Article 12 logging: The EU AI Act requirement that high-risk AI systems automatically record events over their full operational lifetime, without operator intervention, enabling reconstruction of algorithmic decisions and supporting post-market monitoring. Minimum retention is six months under Article 19.

MCP server (Model Context Protocol server): A server implementing the Model Context Protocol, an open standard that enables AI models to connect to external data sources, tools, and services. MCP servers are captured as governed components in AI System registration because they extend model capabilities and introduce data flows that fall within the scope of Article 11 Annex IV technical documentation requirements.

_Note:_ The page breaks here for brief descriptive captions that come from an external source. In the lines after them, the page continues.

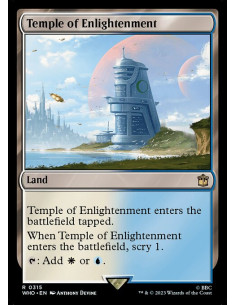Temple of Enlightenment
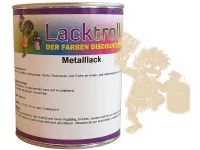 Metalllack Hellelfenbein RAL 1015
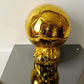 Pallone D'oro Replica In Resina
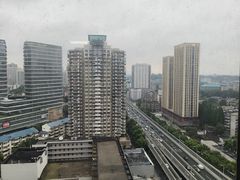 -湖北省妇幼保健院(街道口院区)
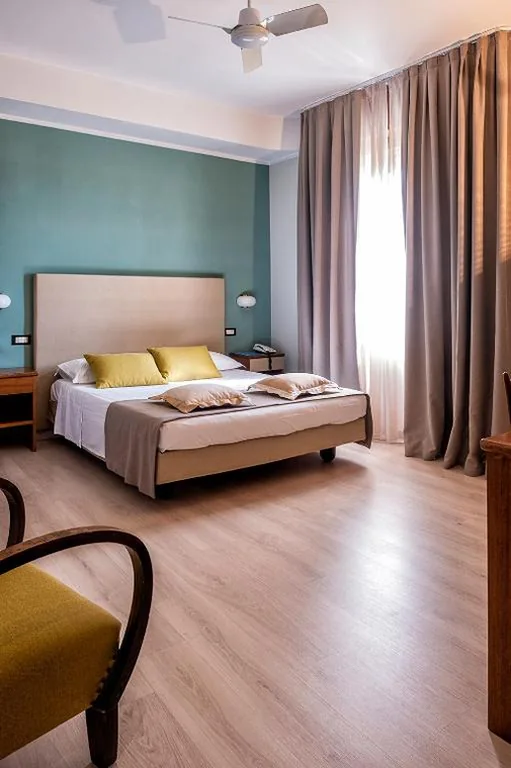 Albergo Cerchi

Conformity assessment: The process by which a provider of a high-risk AI system evaluates that the system meets all applicable EU AI Act requirements before placing it on the market. The output is the EU Declaration of Conformity, a central document in any high-risk AI regulatory inspection.

Control drift: The divergence between documented governance policies and actual system behavior that occurs between formal audit cycles. System-level policy enforcement, where every AI interaction is governed at the API level automatically, prevents control drift by applying policy rules to every call regardless of configuration changes made outside formal review processes.